"Pradeepkumar, Pyatalo (IE10)" <Pradeepkumar.Pyatalo@honeywell.com> writes:
> I am using PostgreSQL 7.4.3. The problem I am facing is that the size of
> pgsql/data folder keeps increasing and at a point the it takes up all the
> disk space and it freezes the system. The pg_xlog and the pg_clog folders
> are taking up most of the disk space. In the documentation, it says that I
> have to move the pg_xlog folder to some other location and create a symbolic
> link to that path from the original path. But the problem is for our
> application, we are using a 512 MB compact flash and there is no
> harddisk...
pg_xlog shouldn't grow unreasonably big unless you've somehow turned off
checkpointing. pg_clog shouldn't grow unreasonably big unless you've
neglected appropriate vacuuming procedures (see the manual).
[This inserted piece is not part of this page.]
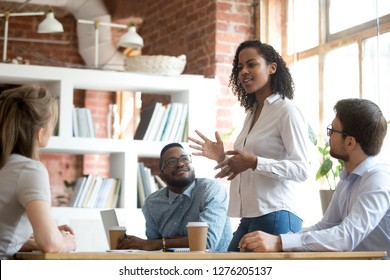 Ambitious smart african black female employee speaking at diverse meeting share creative idea opinion at group briefing while jealous envious skeptical male coworkers looking listening to colleague - Shutterstock ID 1276205137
So I think
this is mostly pilot error.
It might be worth your while to reduce the size of xlog segments --- if
you have three or four 8M or 4M segments instead of three or four 16M
segments, that makes a difference when you're trying to fit in 512M.
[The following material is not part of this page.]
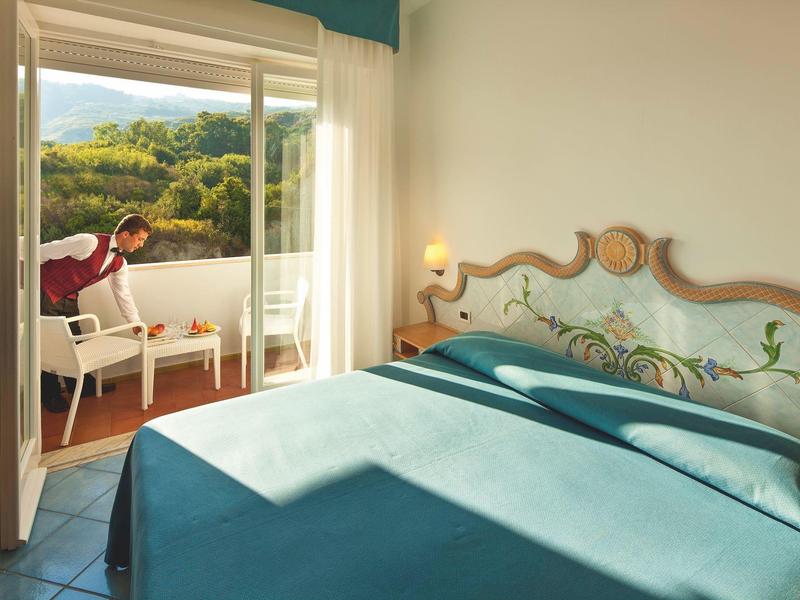 Světle zařízená ložnice s modrou přikrývkou a balkonem s výhledem na zalesněné kopce.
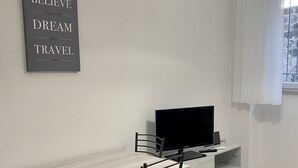 A modern, minimalistic room with a desk, two chairs, a flat-screen TV, and a motivational quote on the wall. - Daisy Apartment (Piano di Sorrento)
It would require some fooling with the source code to make that happen
in 7.4; you should consider moving to 8.0 where there's just one
configuration #define to adjust.
In general though I wonder whether you shouldn't have picked another
database. PG isn't really designed for that sort of environment.
Aside from the fact that we aren't targeting a tiny disk footprint,
we expect to rewrite the WAL files again and again and again. What's
the write-cycles lifetime spec for your flash?